Subjects / Methods: A commercial-grade wind tunnel was used to simulate different speeds encountered by a cyclist. A single cyclist was used during the simulation for audiometric measurements. Microphones attached near the ears of the cyclist were used to measure the sound (dB sound pressure level) experienced by the cyclist. Loudness levels were measured with the head positioned at 15-degree increments from 0 degrees to 180 degrees relative to the oncoming wind at different speeds (10-60 mph).
Results: Wind noise ranged from 84.9 dB at 15 mph and increased proportionally with speed to a maximum of 120.3 dB at 60 mph.
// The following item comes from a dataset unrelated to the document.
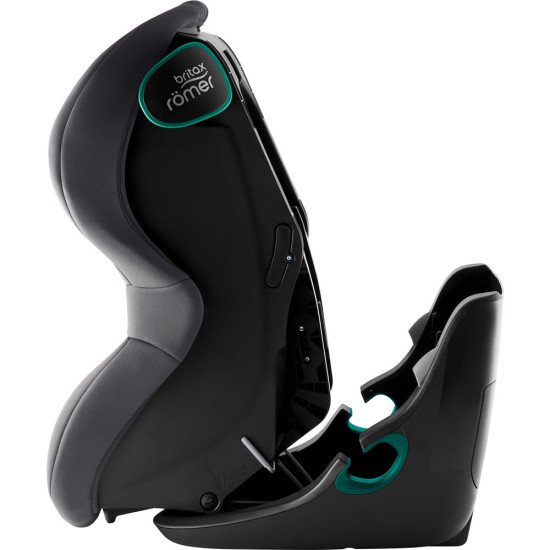 Автокресло BRITAX-ROMER KING Pro Midnight Grey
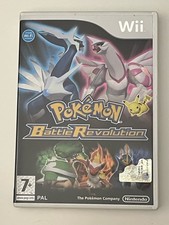 Pokémon Battle Revolution -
The maximum of 120.3 dB was measured at the downwind ear when the ear was 90 degrees away from the wind.
Conclusions: Wind noise experienced by a cyclist is proportional to the speed and the directionality of the wind current. Turbulent airflow patterns are observed that contribute to increased sound exposure in the downwind ear. Consideration of ear deflection equipment without compromising sound awareness for cyclists during prolonged rides is advised to avoid potential noise trauma. Future research is warranted and can include long-term studies, including dosimetry measures of the sound and yearly pre-and post-exposure audiograms of cyclists to detect if any hearing loss occurs with long-term cycling.
"Wind noise ranged from 84.9 dB at 15 mph and increased proportionally with speed..."
Understanding wind noise helps us develop the most effective products.